__Assigned task__
Your answer must hold only the lines below from the line containing "PHILIPS AVENT TETTAR DEN Y 2PZ - Lovesano" through the line containing "Volkswagen Tiguan - Vorschau Bild 4", each reproduced exactly.

__Extracted material__
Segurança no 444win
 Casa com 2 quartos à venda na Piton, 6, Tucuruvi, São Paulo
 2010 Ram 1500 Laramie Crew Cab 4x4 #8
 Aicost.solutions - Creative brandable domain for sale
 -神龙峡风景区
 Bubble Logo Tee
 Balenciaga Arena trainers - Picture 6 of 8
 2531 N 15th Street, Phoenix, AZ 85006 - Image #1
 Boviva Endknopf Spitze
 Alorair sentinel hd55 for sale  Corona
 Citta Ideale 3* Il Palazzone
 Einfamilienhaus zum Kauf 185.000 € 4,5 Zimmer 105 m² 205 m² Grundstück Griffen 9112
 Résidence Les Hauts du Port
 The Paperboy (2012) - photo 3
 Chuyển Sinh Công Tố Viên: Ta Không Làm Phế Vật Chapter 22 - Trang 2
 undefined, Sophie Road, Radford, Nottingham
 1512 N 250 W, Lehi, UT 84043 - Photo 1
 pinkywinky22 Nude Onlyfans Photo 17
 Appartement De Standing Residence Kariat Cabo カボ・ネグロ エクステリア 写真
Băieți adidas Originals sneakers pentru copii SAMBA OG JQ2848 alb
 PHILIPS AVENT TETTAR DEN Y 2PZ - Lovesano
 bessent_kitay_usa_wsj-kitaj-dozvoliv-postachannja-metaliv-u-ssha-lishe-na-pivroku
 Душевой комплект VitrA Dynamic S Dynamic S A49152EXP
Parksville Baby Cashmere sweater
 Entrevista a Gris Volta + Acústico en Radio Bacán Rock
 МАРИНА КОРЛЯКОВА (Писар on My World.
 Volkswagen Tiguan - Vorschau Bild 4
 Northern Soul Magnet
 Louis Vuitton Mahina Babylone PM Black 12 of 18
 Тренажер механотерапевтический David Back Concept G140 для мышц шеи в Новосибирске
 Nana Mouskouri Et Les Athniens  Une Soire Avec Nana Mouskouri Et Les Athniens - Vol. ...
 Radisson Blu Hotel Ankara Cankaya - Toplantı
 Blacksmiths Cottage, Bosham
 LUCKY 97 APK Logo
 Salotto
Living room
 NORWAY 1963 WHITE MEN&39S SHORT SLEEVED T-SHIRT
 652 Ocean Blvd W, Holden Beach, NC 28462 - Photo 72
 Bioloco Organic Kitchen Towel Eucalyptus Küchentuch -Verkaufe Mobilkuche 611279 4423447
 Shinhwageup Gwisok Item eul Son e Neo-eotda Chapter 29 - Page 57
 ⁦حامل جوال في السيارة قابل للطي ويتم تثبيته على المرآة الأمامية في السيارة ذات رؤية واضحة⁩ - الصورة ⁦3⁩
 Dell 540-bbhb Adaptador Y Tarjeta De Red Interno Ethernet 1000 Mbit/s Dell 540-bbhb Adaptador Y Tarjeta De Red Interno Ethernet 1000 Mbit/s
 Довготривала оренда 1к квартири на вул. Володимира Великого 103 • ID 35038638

__Output for this exercise__
 PHILIPS AVENT TETTAR DEN Y 2PZ - Lovesano
 bessent_kitay_usa_wsj-kitaj-dozvoliv-postachannja-metaliv-u-ssha-lishe-na-pivroku
 Душевой комплект VitrA Dynamic S Dynamic S A49152EXP
Parksville Baby Cashmere sweater
 Entrevista a Gris Volta + Acústico en Radio Bacán Rock
 МАРИНА КОРЛЯКОВА (Писар on My World.
 Volkswagen Tiguan - Vorschau Bild 4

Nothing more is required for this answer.